--- INPUT DATA ---

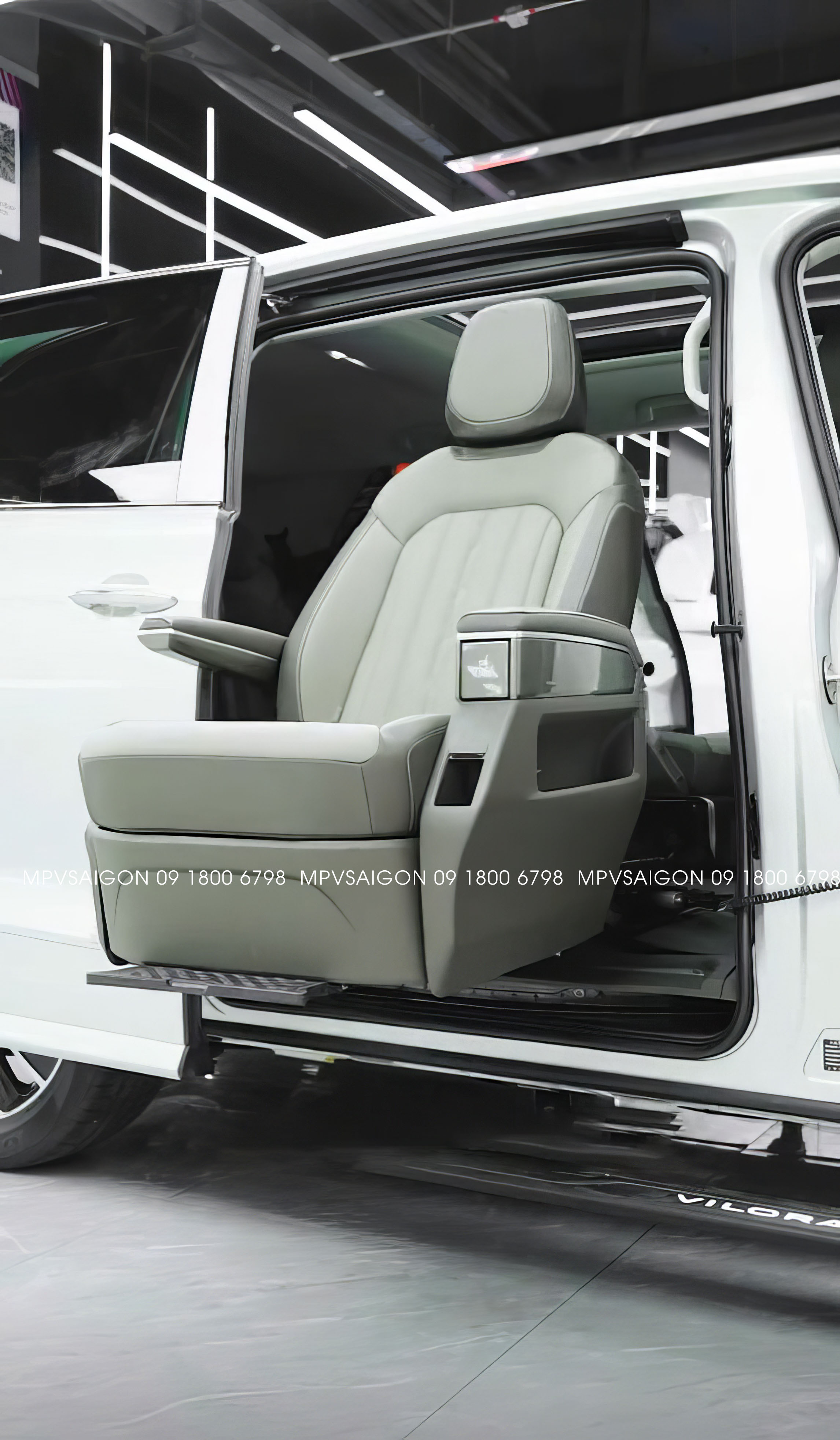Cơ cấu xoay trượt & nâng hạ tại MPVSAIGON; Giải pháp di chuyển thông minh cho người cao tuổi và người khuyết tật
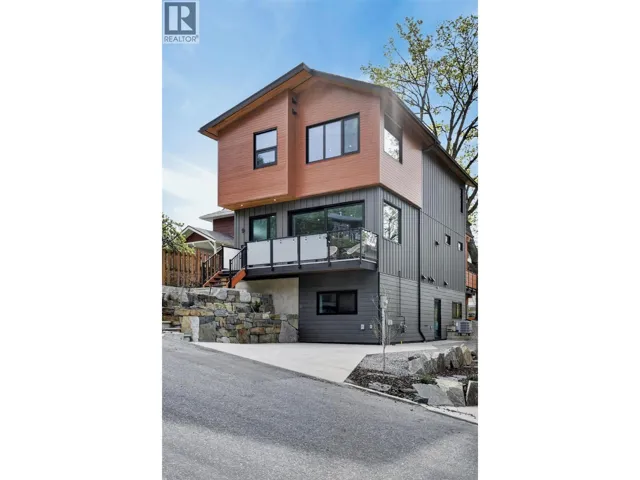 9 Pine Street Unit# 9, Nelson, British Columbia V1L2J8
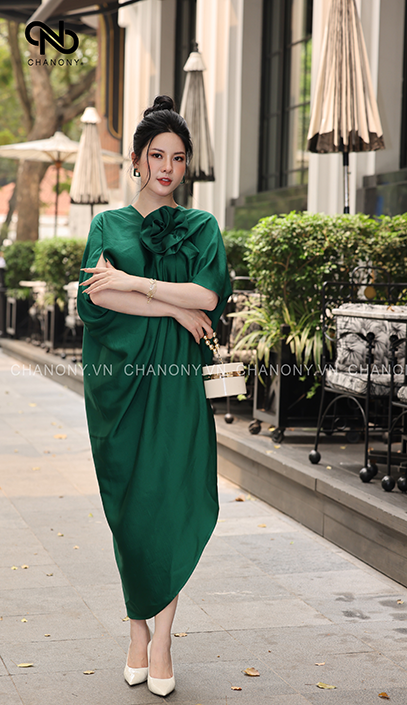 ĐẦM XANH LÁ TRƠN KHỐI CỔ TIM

--- ASSIGNMENT ---
Omit the images; transcribe the listing verbatim.

--- SOLUTION FOR THIS TASK ---
Cơ cấu xoay trượt & nâng hạ tại MPVSAIGON; Giải pháp di chuyển thông minh cho người cao tuổi và người khuyết tật
 9 Pine Street Unit# 9, Nelson, British Columbia V1L2J8
 ĐẦM XANH LÁ TRƠN KHỐI CỔ TIM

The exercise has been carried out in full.